Старцев бывал в разных домах и встречал много людей, но ни с кем не сходился близко. Обыватели своими разговорами, взглядами на жизнь и даже своим видом раздражали его. Опыт научил его мало -помалу, что пока с обывателем играешь в карты или закусываешь с ним, то это мирный, благодушный и даже не глупый человек, но стоит только заговорить с ним о чем -нибудь несъедобном, например, о политике или науке, как он становится в тупик или заводит такую философию, тупую и злую, что остается только рукой махнуть и отойти.

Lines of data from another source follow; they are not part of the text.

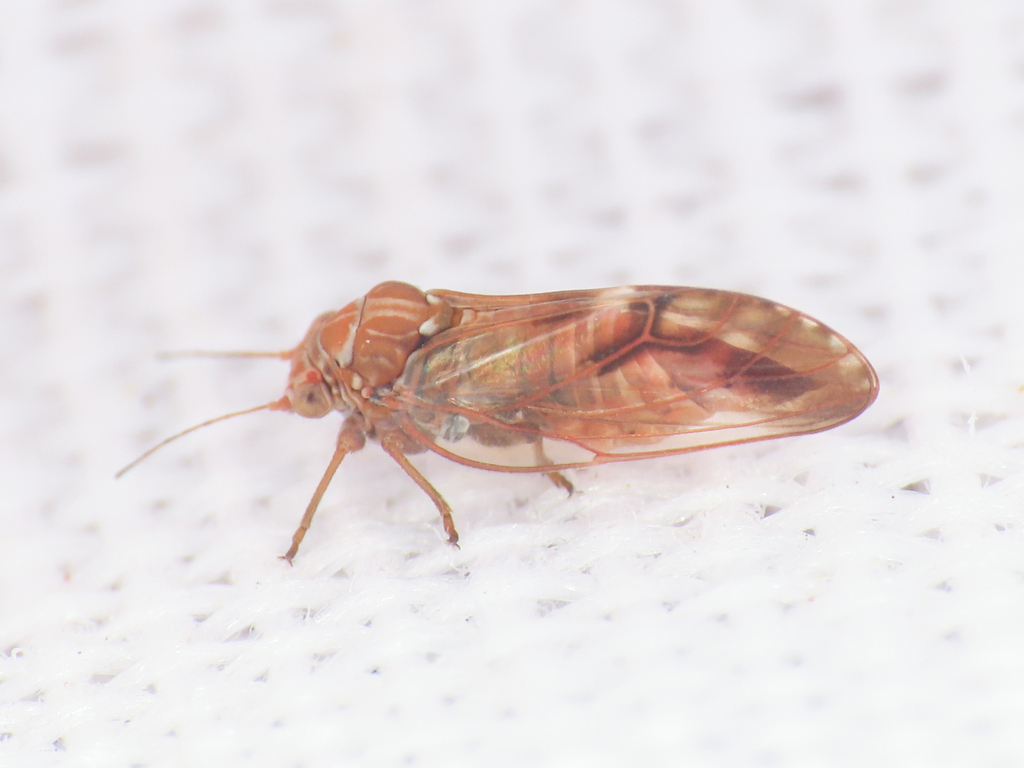 Cacopsylla limbata
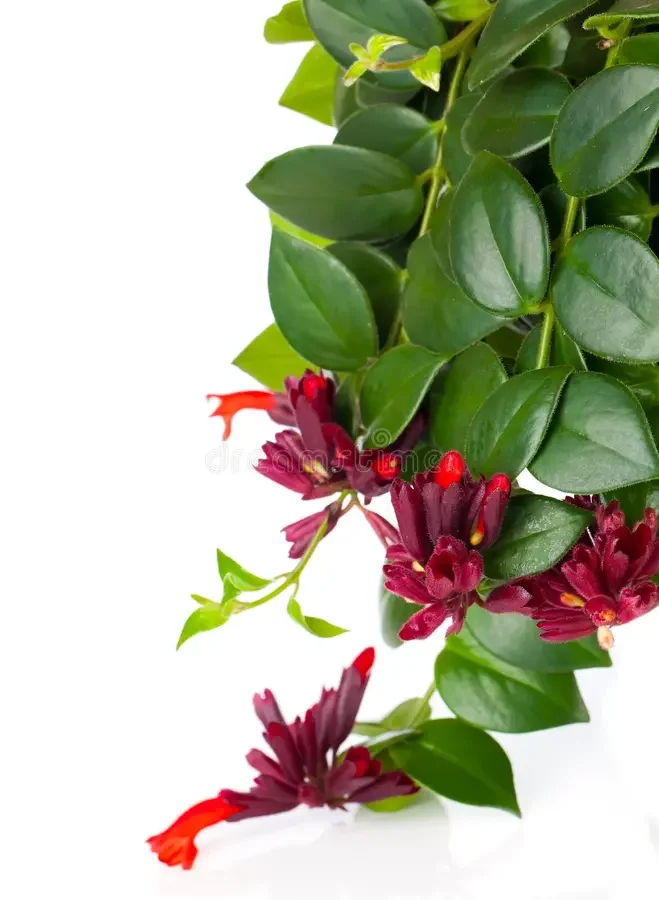 lipstick-plant-aeschynanthus-radicans-pot-isolated-white-background-40372544.webp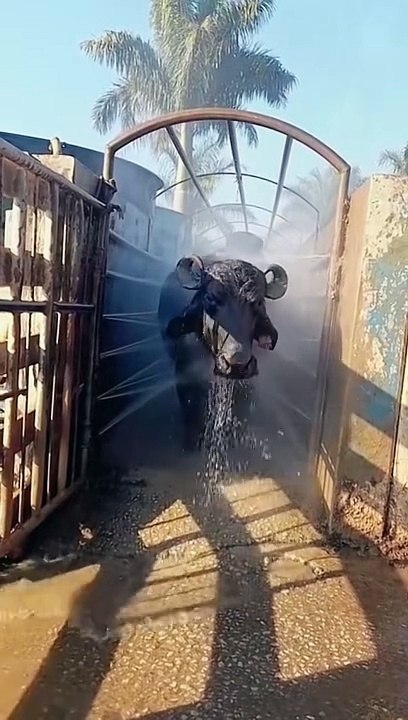 Buffalo  bathing 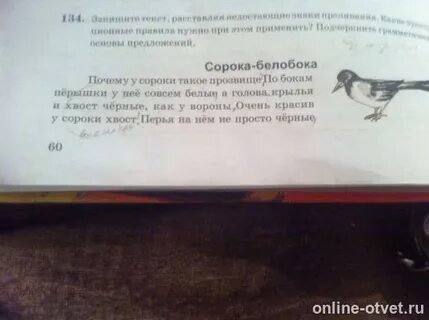 Запиши текст расставляя границы предложений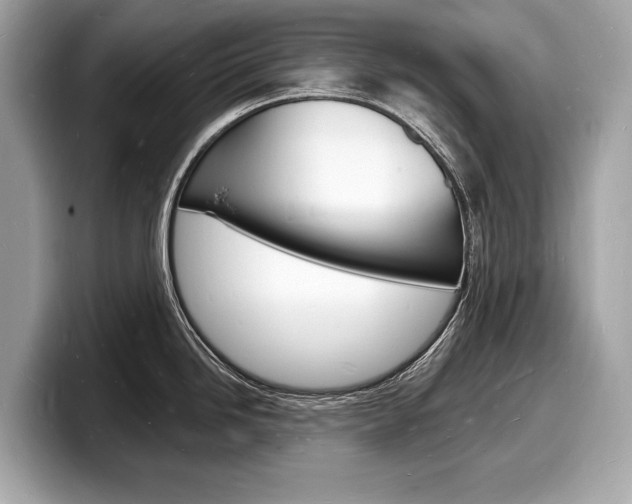 X0000098231246200804241155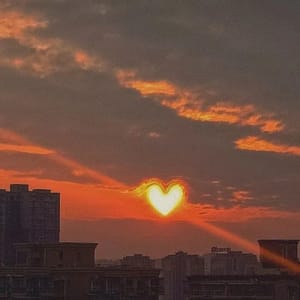 Ảnh đại diện Aditi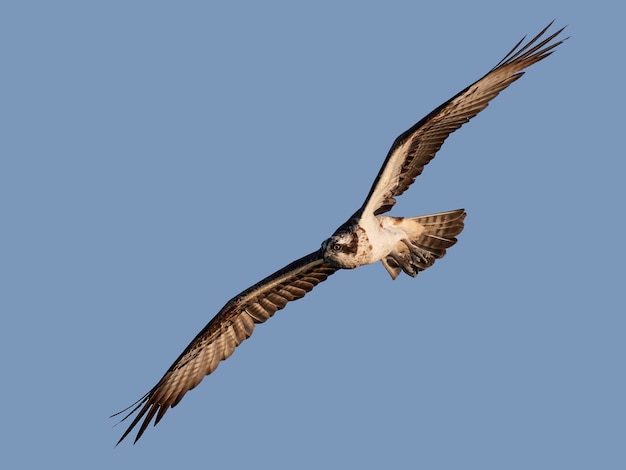 Águia-pescadora Pandion haliaetus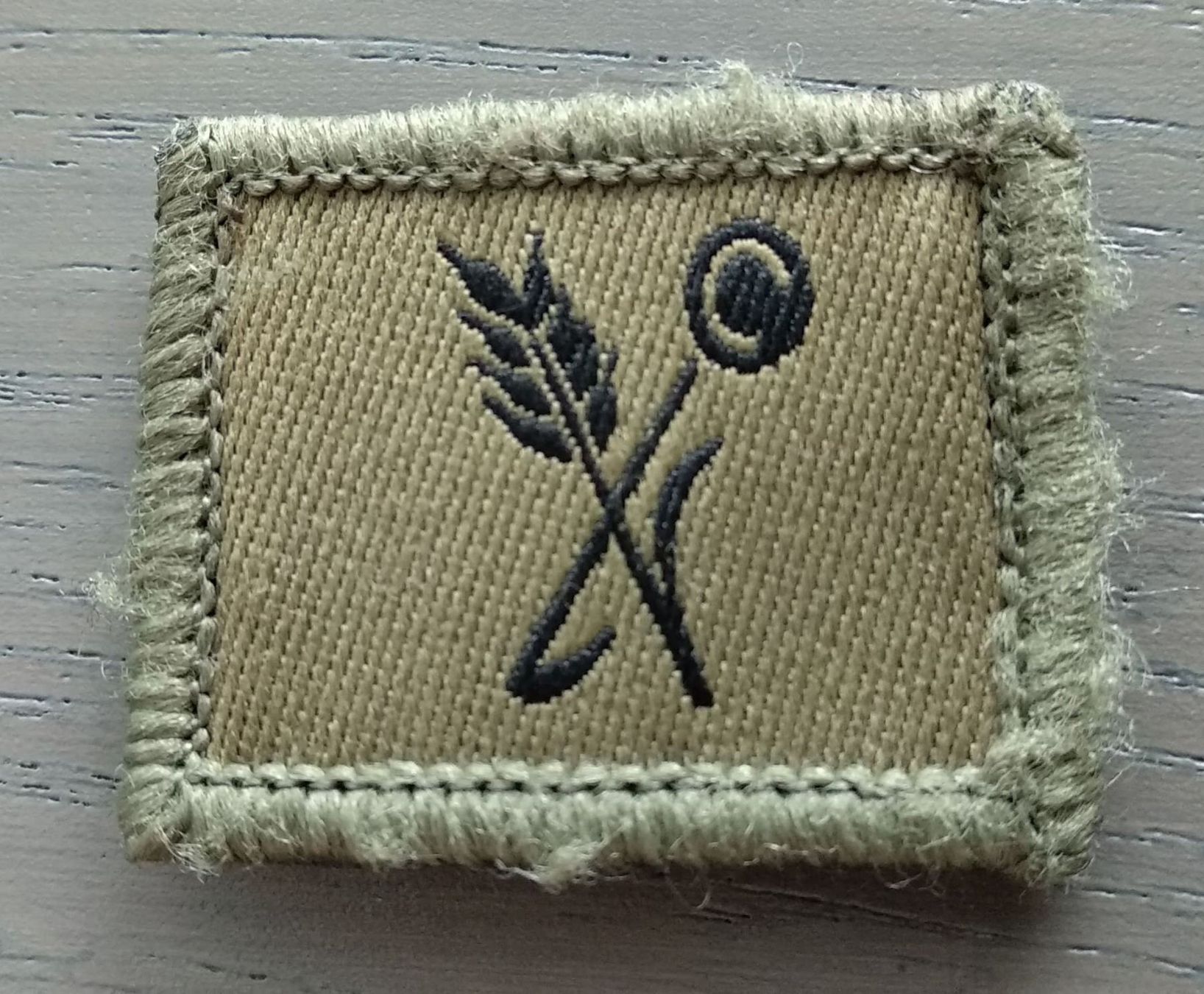 Placchette & Badge: Funktionsabzeichen Truppenkoch – Usato da Gebenstorf venduto da Elchenn
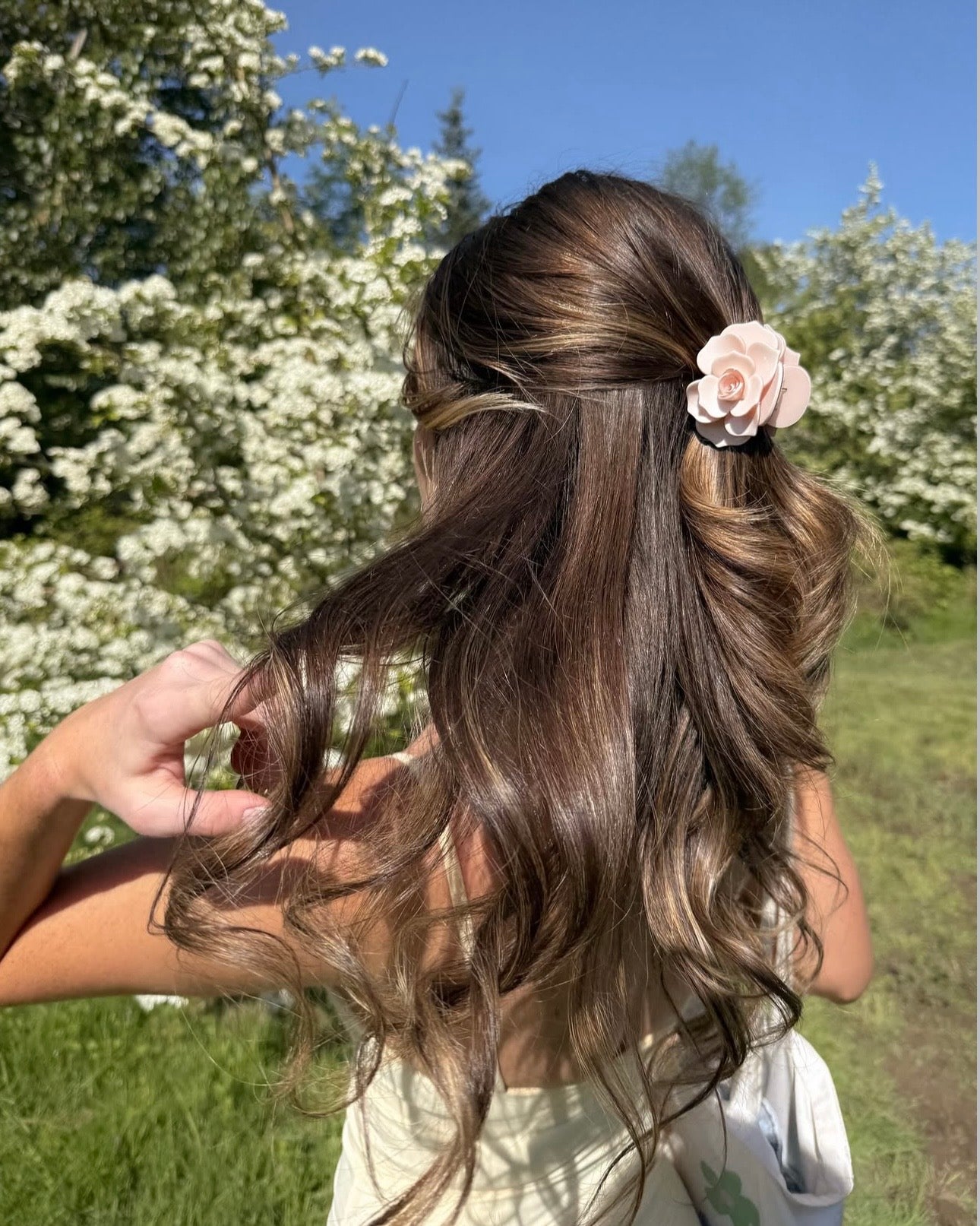 The Rose Clip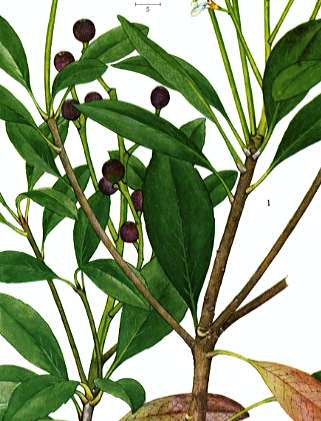 �V�������o�C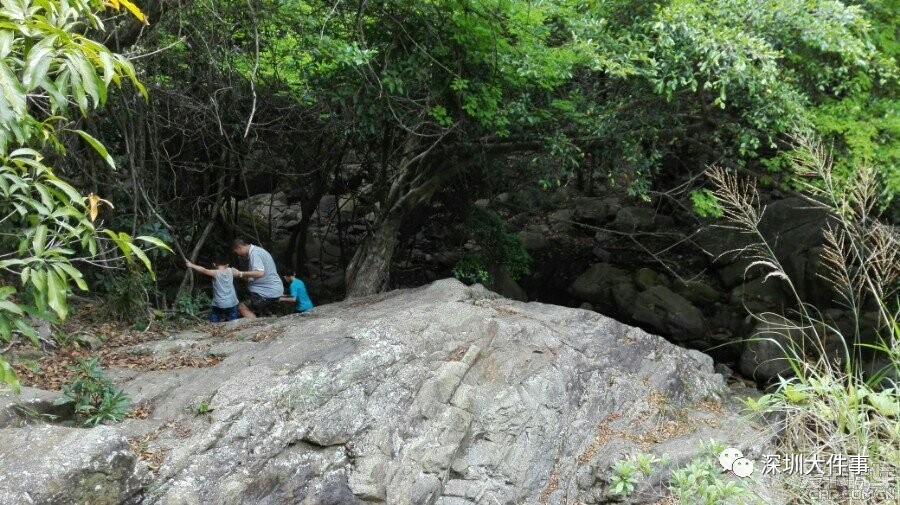 11小时大救援梧桐山坠崖游客仍昏迷远离山中这几处索命之地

Когда Старцев пробовал заговорить даже с либеральным обывателем, например, о том, что человечество, слава богу, идет вперед и что со временем оно будет обходиться без паспортов и без смертной казни, то обыватель глядел на него искоса и недоверчиво и спрашивал:

"Значит, тогда всякий может резать на улице кого угодно ?" А когда Старцев в обществе, за ужином или чаем, говорил о том, что нужно трудиться, что без труда жить нельзя, то всякий принимал это за упрек и начинал сердиться и назойливо спорить. При всем том обыватели не делали ничего, решительно ничего, и не интересовались ничем, и никак нельзя было придумать, о чем говорить с ними. И Старцев избегал разговоров, а только закусывал и играл в винт, и когда заставал в каком -нибудь доме семейный праздник и его приглашали откушать, то он садился и ел молча, глядя в тарелку; и всё, что в это время говорили, было неинтересно, несправедливо, глупо, он чувствовал раздражение, волновался, но молчал, и за то, что он всегда сурово молчал и глядел в тарелку, его прозвали в городе "поляк надутый ", хотя он никогда поляком не был.

От таких развлечений, как театр и концерты, он уклонялся, но зато в винт играл каждый вечер, часа по три, с наслаждением. Было у него еще одно развлечение, в которое он втянулся незаметно, мало -помалу, это - по вечерам вынимать из карманов бумажки, добытые практикой, и, случалось, бумажек - желтых и зеленых, от которых пахло духами, и уксусом, и ладаном, и ворванью, - было понапихано во все карманы рублей на семьдесят; и когда собиралось несколько сот, он отвозил в Общество взаимного кредита и клал там на текущий счет.

За все четыре года после отъезда Екатерины Ивановны он был у Туркиных только два раза, по приглашению Веры Иосифовны, которая всё еще лечилась от мигрени. Каждое лето Екатерина Ивановна приезжала к родителям погостить, но он не видел ее ни разу; как -то не случалось.

Но вот прошло четыре года. В одно тихое, теплое утро в больницу принесли письмо.

Вера Иосифовна писала Дмитрию Ионычу, что очень соскучилась по нем, и просила его непременно пожаловать к ней и облегчить ее страдания, и кстати же сегодня день ее рождения. Внизу была приписка: "К просьбе мамы присоединяюсь и я. К."

Старцев подумал и вечером поехал к Туркиным.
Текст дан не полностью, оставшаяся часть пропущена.